The issue is part of the Israeli national election campaign. Just this week, Prime Minister Benjamin Netanyahu said, “All tens of thousands of infiltrators from Africa will be returned to their country or other countries.”
Netanyahu’s Likud-Beiteinu party is competing with the ultra-Orthodox Shas party, as well as smaller far-right parties, for the anti-African vote. The Israeli newspaper Yediot Ahronoth quoted sources in Shas as saying the anti-African vote could be worth as much as three seats in the elections later this month.
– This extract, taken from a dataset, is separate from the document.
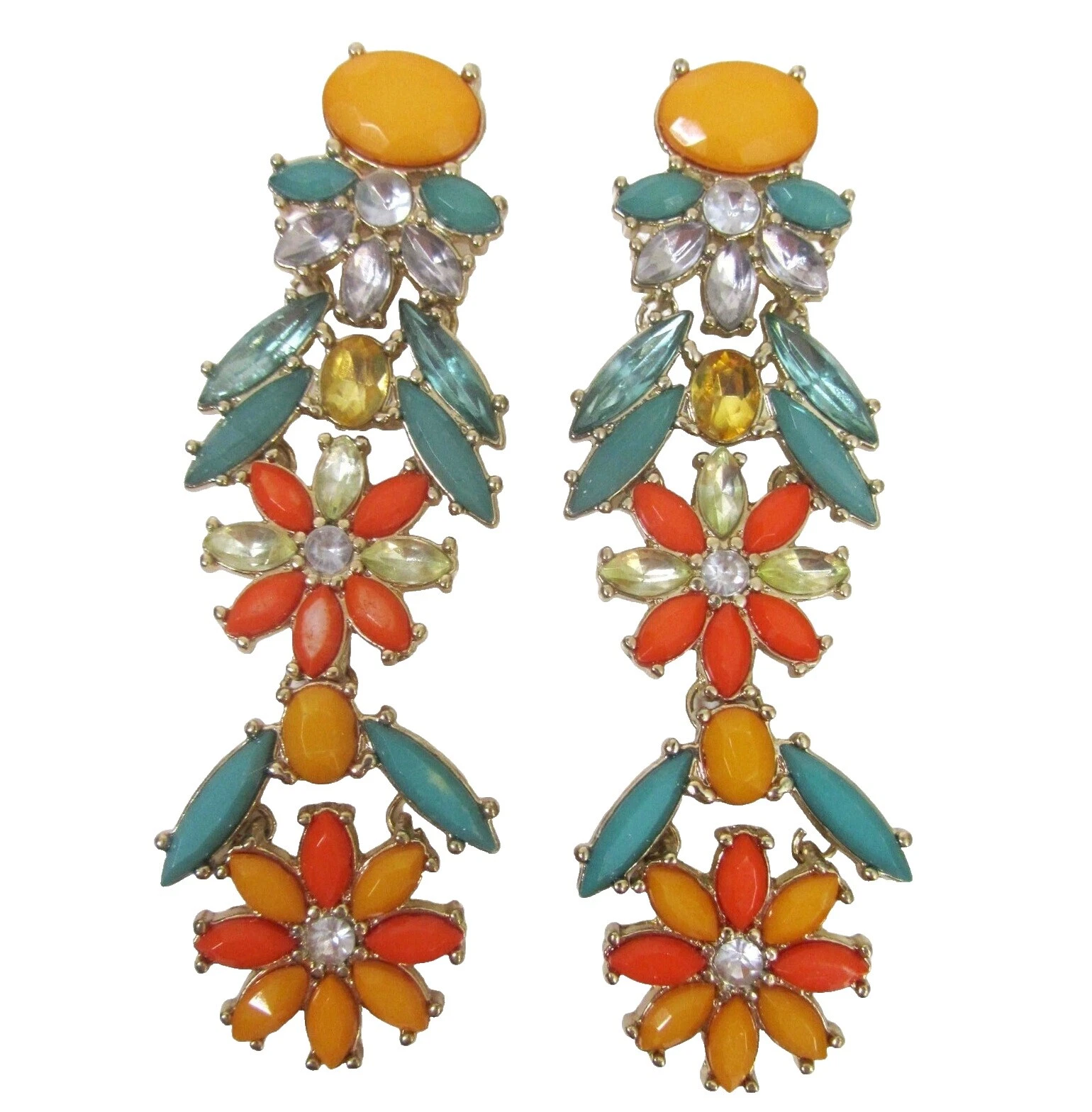 Pendientes de Moda de plástico H&M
The Sephardi-oriented religious party prepared – but did not publicly air – a five-minute video scapegoating refugees for crime and housing shortages, with the claim that only the party, one of whose three leaders, Eli Yishai, heads the Interior Ministry and has been one of the leading anti-refugee voices, can battle the “demographic threat” posed by the Africans.
Against this background, Sheen called Medoff’s petition “preposterous.”
“The government of Israel has signified with its words and actions that it intends not only to reduce the amount of non-Jewish African asylum seekers coming to the country; it also intends to deplete the country of those people who are living here currently,” he said.
At the same time, he added, a report from the Knesset Research Institute “said that all of the countries around here are accepting refugees to various degrees. How many Syrian refugees has Jordan taken in so far?
“Eighty percent of the refugees in the world are taken in by other third world countries. The poorest countries in the world are taking in way more than the lion’s share of refugees. This government doesn’t want to take any.”
Leonard Grob, professor emeritus at Fairleigh Dickinson University in Teaneck, is among those who signed the Evian Declaration. Grob, who still teaches one course a year at FDU, used to direct the university’s Holocaust center. He said that while it is appropriate for the nations of the world to take in the African refugees, Israel too “must heed the lessons we have learned from the Holocaust.
“Israel must do its best to provide a refuge for those who are attempting to escape from situations in which their lives are in danger.”
Grob said he disagreed with the Israeli government’s plan for the refugees.
“I realize that Israel can’t absorb every immigrant who comes across the border. But I think Israel as a country has to come to grips with different people, to welcome the stranger. It is a duty of the Jewish people, given the history of the Shoah when doors were closed throughout the world,” Grob said.